Is it that encryption is seen as something only for enterprise-grade businesses? If the critical infrastructure breaches in the US last year showed us anything, it’s that even small firms should be encrypting their data. Smaller supply chain organisations were used as a gateway to larger, more sophisticated systems, resulting in unauthorized access to critical command and control systems within the national electricity supply grid.
Perhaps it’s because of the perception that hardware encryption is in someway complex, requiring significant management resource and adding data overhead and latency to the network. Again, this is a misconception. The reality is the complete opposite.

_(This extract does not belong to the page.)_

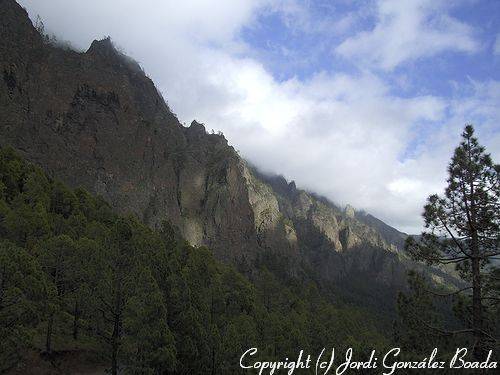 La Palma - fotografía JGB20060411-0086.jpg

Senetas hardware encryptors are as simple as plug and play. The hardware goes in the rack, you launch the CypherManager software on a PC and configure the network, and it immediately detects, and starts encrypting, your links. It’s as simple as that. No queues of security and other patches, no network and business disruptions and no additional staffing overheads. In addition to encrypting the data, the encrypted links are also protected against the injection of rogue data.
So, will 2019 be the year of encryption? Well, the early signs are that it’s going to be another big year for breaches. According to IT Governance UK, January already saw 1.7 billion records compromised. Given that breaches are almost inevitable, organisations should start thinking about encryption in terms of business assurance, rather than as an insurance cost.
You don’t have to just take our word for it, here’s what IDC has to say on the matter.
“As data migrates away from the enterprise premises and to the cloud, network security is no longer sufficient to protect your data. Regulatory compliance and sovereignty issues are forcing companies to rethink their security stance. You need new data security methods to protect today’s IT landscape, and this starts with encryption.”